**Activity**
Please copy each line of the records below that includes the word "help".

· · · ·

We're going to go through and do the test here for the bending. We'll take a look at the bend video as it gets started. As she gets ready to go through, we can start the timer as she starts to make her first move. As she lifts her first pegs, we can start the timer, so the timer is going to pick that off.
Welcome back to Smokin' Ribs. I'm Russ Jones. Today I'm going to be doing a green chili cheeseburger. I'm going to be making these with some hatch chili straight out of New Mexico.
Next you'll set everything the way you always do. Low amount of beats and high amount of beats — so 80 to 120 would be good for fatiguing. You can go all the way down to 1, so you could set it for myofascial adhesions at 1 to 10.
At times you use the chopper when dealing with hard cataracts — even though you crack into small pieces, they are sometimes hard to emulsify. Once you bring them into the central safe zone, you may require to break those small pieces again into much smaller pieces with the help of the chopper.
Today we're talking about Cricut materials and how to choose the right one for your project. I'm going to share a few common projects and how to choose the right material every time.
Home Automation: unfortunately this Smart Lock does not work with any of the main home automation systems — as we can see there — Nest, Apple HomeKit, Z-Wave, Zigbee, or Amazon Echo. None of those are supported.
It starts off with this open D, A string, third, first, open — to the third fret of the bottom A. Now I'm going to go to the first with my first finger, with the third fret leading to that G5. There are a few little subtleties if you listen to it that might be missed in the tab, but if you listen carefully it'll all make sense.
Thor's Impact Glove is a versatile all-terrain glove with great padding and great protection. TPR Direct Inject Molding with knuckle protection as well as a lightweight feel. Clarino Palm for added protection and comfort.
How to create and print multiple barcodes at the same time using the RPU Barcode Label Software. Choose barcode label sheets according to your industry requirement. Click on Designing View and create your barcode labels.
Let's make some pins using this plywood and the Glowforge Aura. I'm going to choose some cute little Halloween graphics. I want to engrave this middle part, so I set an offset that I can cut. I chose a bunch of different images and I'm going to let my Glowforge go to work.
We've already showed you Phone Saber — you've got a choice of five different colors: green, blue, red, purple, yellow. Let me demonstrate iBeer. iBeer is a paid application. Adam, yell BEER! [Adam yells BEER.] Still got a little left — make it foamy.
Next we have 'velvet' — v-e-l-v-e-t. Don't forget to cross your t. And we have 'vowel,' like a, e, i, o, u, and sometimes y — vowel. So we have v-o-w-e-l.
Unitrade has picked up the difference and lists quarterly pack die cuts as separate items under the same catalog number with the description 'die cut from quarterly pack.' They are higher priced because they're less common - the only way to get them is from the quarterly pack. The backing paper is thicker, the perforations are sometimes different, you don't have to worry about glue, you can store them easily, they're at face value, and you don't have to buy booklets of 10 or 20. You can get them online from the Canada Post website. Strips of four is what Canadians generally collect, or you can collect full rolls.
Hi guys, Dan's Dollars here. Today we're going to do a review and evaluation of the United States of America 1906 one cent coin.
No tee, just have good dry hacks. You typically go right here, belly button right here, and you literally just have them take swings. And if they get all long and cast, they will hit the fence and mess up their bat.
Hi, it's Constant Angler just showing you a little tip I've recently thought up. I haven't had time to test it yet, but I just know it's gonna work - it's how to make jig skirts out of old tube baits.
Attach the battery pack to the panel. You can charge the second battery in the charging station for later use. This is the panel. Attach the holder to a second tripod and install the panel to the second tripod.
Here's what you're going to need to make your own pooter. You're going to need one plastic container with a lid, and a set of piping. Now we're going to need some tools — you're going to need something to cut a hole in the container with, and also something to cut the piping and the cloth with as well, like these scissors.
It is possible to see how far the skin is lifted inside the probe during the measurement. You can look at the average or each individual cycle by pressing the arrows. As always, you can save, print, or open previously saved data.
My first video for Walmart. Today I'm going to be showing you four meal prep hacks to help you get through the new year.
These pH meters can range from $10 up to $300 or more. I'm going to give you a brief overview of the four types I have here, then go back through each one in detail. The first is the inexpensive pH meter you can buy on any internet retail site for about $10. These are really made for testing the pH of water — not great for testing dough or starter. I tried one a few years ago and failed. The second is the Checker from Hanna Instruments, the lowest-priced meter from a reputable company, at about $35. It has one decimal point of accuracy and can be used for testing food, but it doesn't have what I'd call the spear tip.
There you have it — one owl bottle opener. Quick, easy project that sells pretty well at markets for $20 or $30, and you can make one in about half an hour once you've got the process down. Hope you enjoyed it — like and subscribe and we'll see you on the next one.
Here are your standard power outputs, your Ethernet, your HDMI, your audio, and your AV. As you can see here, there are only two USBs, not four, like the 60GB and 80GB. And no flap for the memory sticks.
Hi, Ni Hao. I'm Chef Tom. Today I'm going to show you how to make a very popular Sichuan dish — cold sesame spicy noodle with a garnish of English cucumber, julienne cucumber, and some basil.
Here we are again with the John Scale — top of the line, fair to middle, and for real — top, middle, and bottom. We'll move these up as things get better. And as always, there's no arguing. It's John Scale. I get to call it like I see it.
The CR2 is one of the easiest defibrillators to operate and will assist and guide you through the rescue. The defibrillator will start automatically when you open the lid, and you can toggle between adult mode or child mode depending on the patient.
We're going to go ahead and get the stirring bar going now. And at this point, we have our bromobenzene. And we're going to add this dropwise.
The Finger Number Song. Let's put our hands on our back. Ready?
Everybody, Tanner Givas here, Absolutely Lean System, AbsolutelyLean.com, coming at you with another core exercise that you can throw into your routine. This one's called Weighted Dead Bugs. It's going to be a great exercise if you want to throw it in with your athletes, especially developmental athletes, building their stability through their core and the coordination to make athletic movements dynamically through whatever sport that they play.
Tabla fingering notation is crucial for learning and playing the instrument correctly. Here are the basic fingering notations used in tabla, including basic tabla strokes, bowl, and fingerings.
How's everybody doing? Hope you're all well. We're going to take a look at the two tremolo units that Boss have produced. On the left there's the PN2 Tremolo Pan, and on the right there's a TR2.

· · · ·

**Answer space**
At times you use the chopper when dealing with hard cataracts — even though you crack into small pieces, they are sometimes hard to emulsify. Once you bring them into the central safe zone, you may require to break those small pieces again into much smaller pieces with the help of the chopper.
My first video for Walmart. Today I'm going to be showing you four meal prep hacks to help you get through the new year.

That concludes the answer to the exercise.